Dataset entries
"""

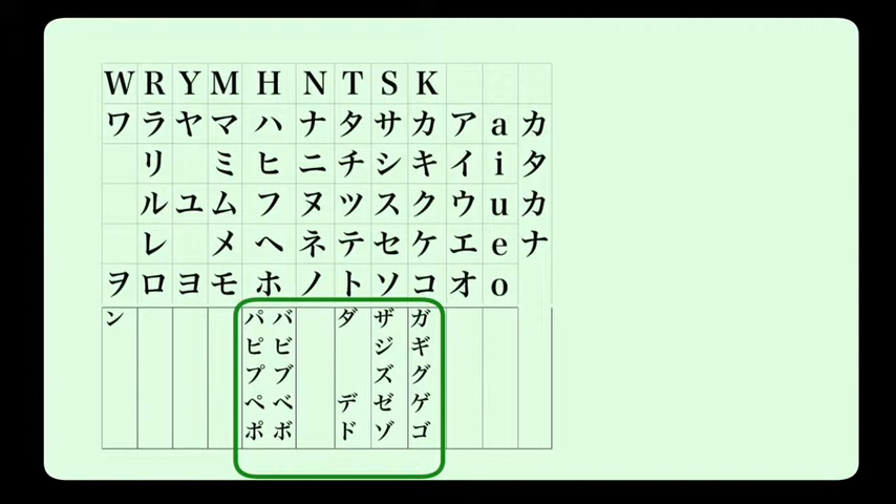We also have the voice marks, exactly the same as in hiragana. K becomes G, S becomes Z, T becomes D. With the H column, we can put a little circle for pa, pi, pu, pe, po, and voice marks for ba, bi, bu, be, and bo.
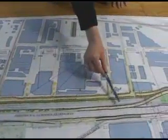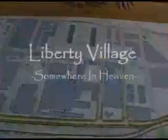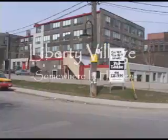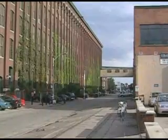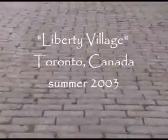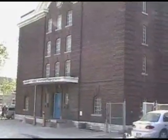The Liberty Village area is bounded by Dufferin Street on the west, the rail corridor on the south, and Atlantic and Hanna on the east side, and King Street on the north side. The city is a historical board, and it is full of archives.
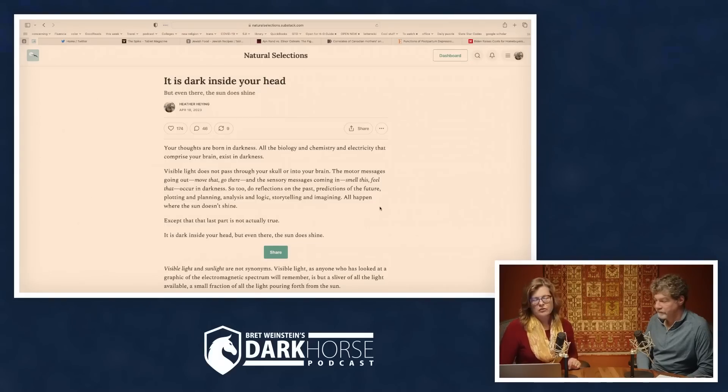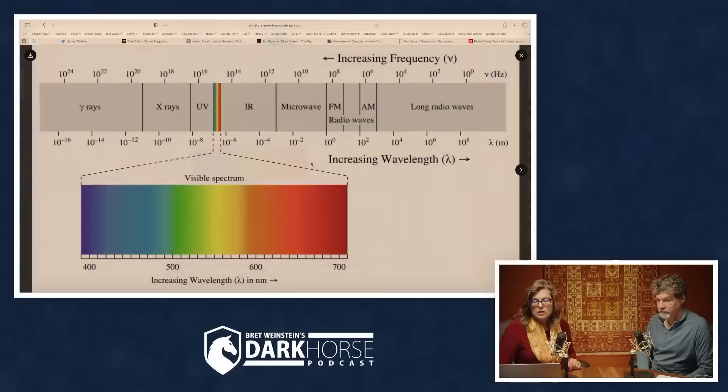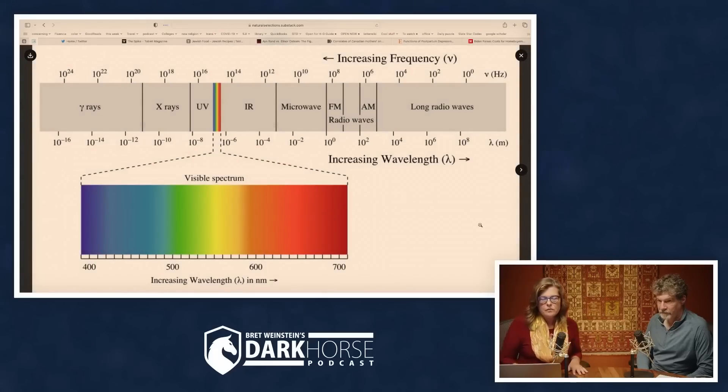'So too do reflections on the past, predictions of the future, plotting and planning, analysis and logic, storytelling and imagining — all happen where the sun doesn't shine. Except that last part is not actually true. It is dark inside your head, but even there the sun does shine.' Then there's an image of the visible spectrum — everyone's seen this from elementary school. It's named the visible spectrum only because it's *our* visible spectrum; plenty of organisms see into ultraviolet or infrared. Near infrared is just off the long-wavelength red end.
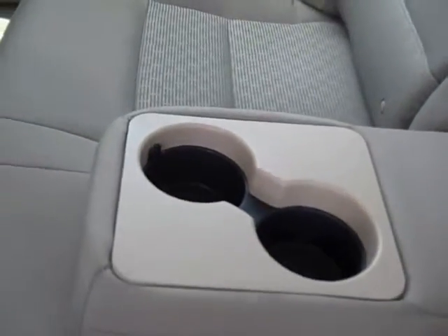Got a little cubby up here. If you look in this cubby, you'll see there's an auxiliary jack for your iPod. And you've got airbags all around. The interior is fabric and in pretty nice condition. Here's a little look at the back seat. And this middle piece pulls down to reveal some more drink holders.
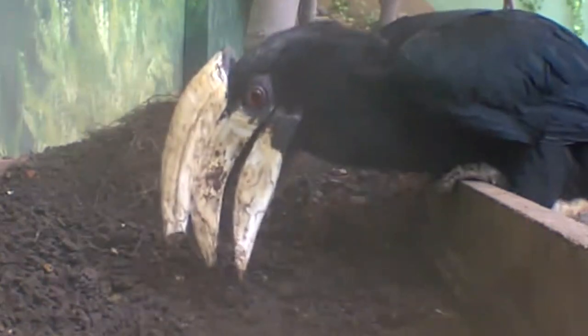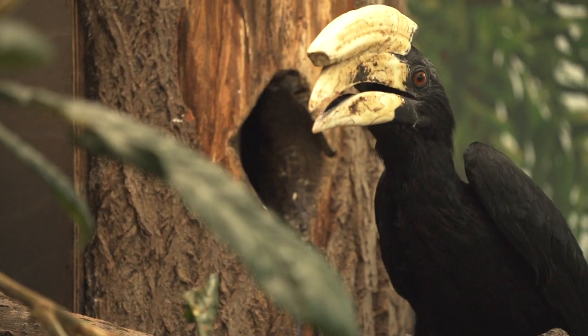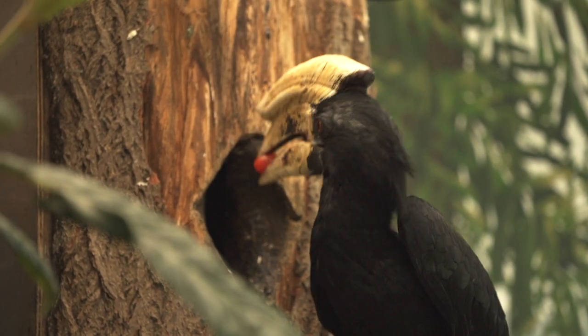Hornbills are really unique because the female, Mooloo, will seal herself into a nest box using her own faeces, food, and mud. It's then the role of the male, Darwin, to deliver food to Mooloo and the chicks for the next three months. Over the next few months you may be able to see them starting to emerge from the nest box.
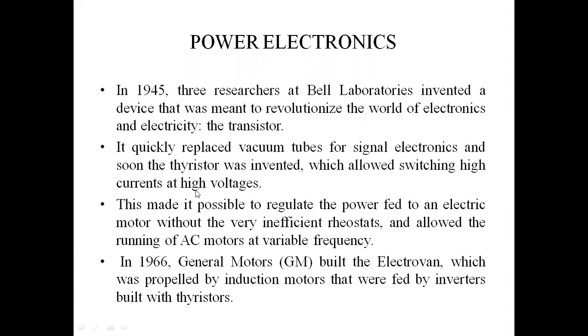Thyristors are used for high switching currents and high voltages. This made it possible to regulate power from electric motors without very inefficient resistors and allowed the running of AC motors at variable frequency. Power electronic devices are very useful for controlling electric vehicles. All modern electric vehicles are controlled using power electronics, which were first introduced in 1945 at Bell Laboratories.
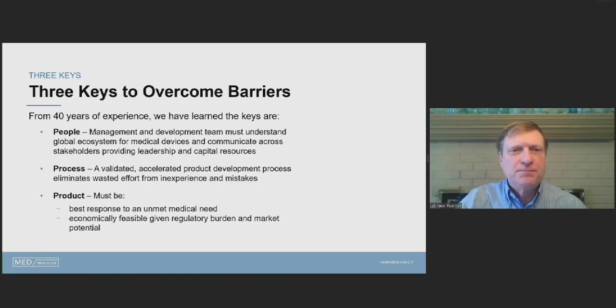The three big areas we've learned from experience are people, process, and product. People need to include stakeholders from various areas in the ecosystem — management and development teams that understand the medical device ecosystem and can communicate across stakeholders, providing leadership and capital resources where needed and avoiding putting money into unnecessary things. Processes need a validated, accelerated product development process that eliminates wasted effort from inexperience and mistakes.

"""
"""

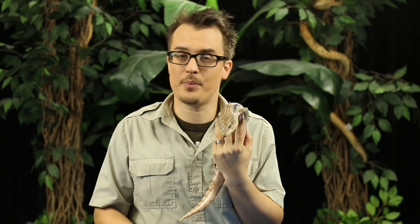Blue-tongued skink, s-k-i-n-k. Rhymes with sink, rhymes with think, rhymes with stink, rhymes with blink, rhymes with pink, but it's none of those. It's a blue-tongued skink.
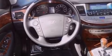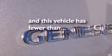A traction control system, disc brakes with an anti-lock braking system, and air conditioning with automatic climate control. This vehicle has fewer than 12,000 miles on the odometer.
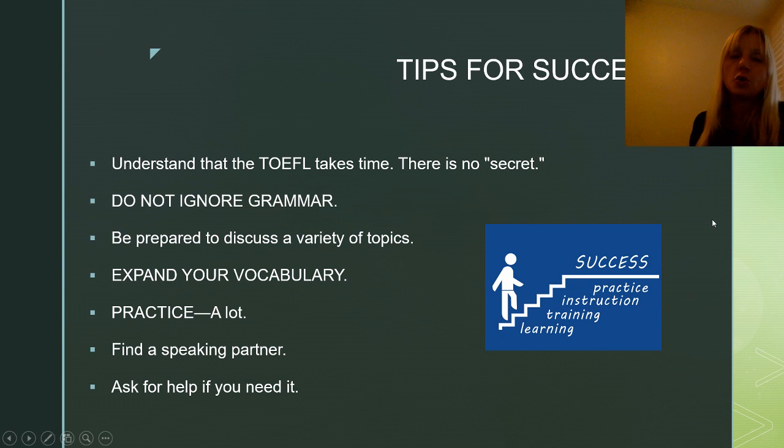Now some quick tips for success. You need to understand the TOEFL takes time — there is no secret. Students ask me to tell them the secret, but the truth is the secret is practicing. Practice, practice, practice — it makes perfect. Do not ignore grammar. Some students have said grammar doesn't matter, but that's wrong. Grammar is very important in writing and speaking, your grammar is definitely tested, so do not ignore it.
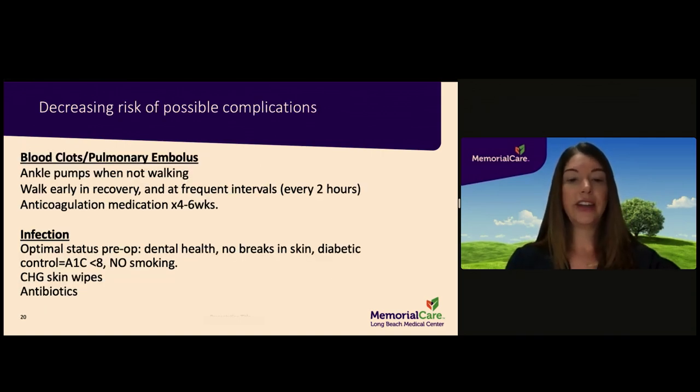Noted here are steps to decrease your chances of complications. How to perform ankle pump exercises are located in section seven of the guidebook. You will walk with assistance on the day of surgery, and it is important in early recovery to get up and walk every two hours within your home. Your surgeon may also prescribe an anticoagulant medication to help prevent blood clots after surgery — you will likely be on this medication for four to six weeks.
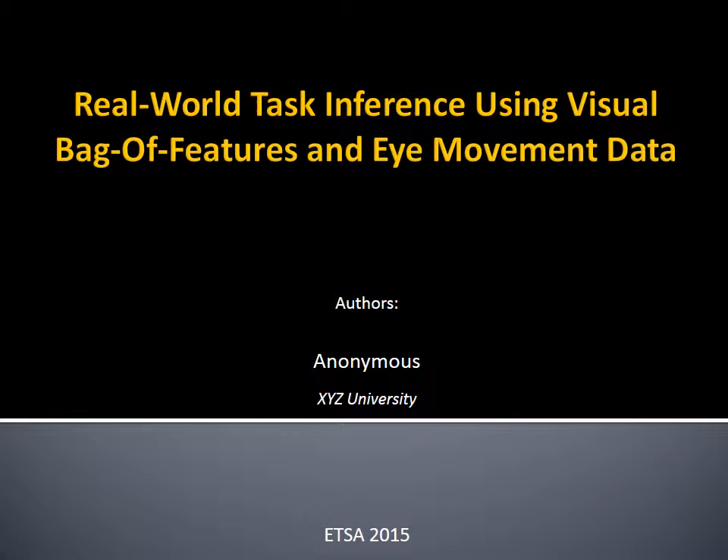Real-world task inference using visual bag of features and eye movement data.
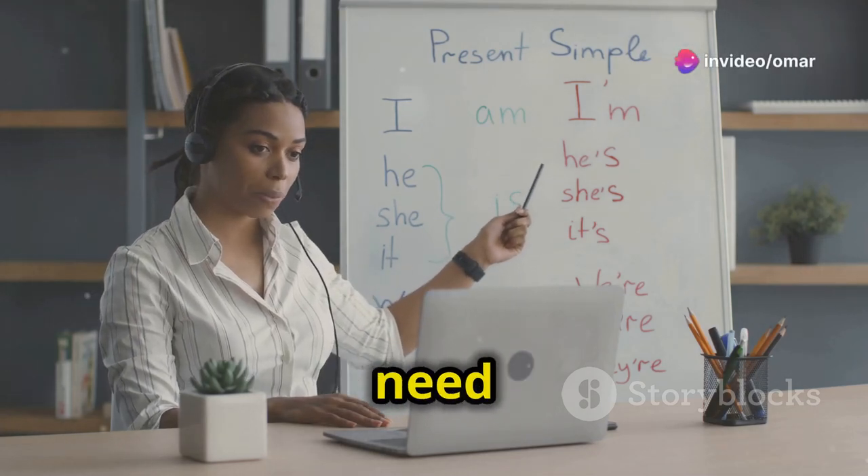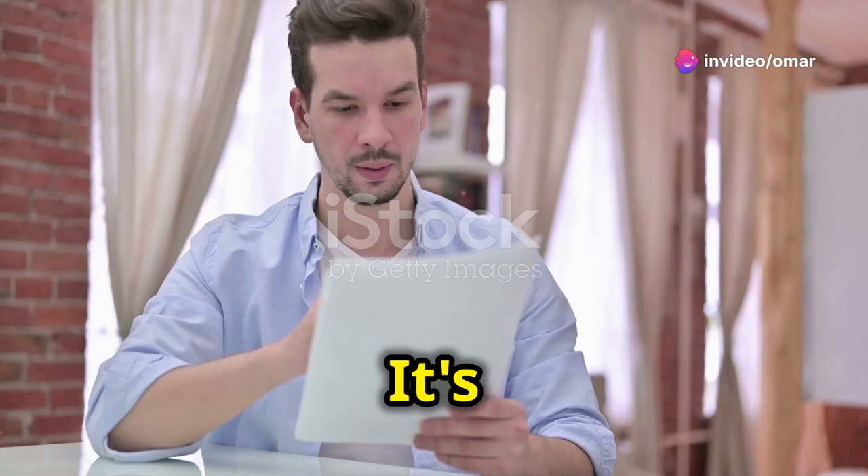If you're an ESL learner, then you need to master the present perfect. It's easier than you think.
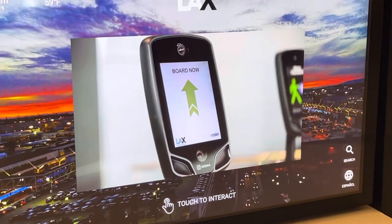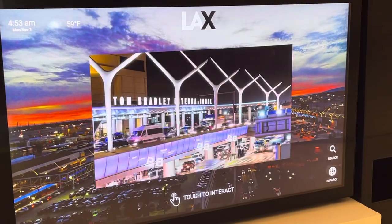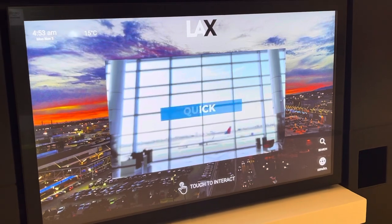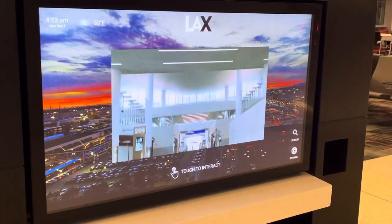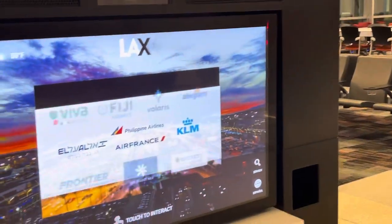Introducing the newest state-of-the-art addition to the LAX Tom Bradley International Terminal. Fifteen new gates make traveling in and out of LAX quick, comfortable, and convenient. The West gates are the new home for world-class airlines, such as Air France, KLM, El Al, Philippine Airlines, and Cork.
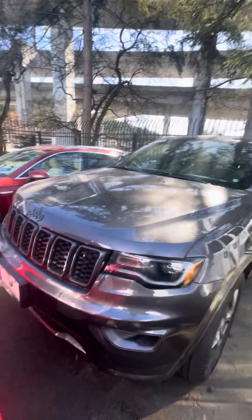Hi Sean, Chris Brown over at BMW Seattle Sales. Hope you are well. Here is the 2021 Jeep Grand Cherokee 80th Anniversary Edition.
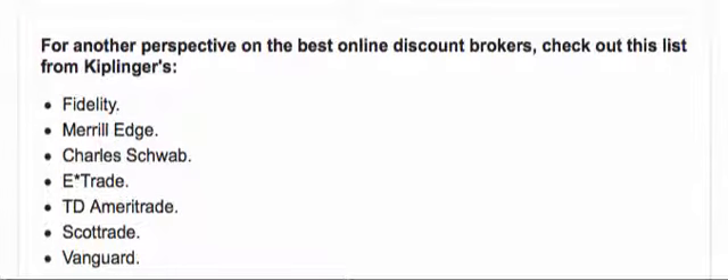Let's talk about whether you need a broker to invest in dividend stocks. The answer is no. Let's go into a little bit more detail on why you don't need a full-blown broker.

"""

> **Task**: Using the records above, repeat exactly the run of lines that starts with the line with "We also have" and goes on through the line with "Hornbills are really"; omit each picture.

> **Answer section**:
We also have the voice marks, exactly the same as in hiragana. K becomes G, S becomes Z, T becomes D. With the H column, we can put a little circle for pa, pi, pu, pe, po, and voice marks for ba, bi, bu, be, and bo.
The Liberty Village area is bounded by Dufferin Street on the west, the rail corridor on the south, and Atlantic and Hanna on the east side, and King Street on the north side. The city is a historical board, and it is full of archives.
'So too do reflections on the past, predictions of the future, plotting and planning, analysis and logic, storytelling and imagining — all happen where the sun doesn't shine. Except that last part is not actually true. It is dark inside your head, but even there the sun does shine.' Then there's an image of the visible spectrum — everyone's seen this from elementary school. It's named the visible spectrum only because it's *our* visible spectrum; plenty of organisms see into ultraviolet or infrared. Near infrared is just off the long-wavelength red end.
Got a little cubby up here. If you look in this cubby, you'll see there's an auxiliary jack for your iPod. And you've got airbags all around. The interior is fabric and in pretty nice condition. Here's a little look at the back seat. And this middle piece pulls down to reveal some more drink holders.
Hornbills are really unique because the female, Mooloo, will seal herself into a nest box using her own faeces, food, and mud. It's then the role of the male, Darwin, to deliver food to Mooloo and the chicks for the next three months. Over the next few months you may be able to see them starting to emerge from the nest box.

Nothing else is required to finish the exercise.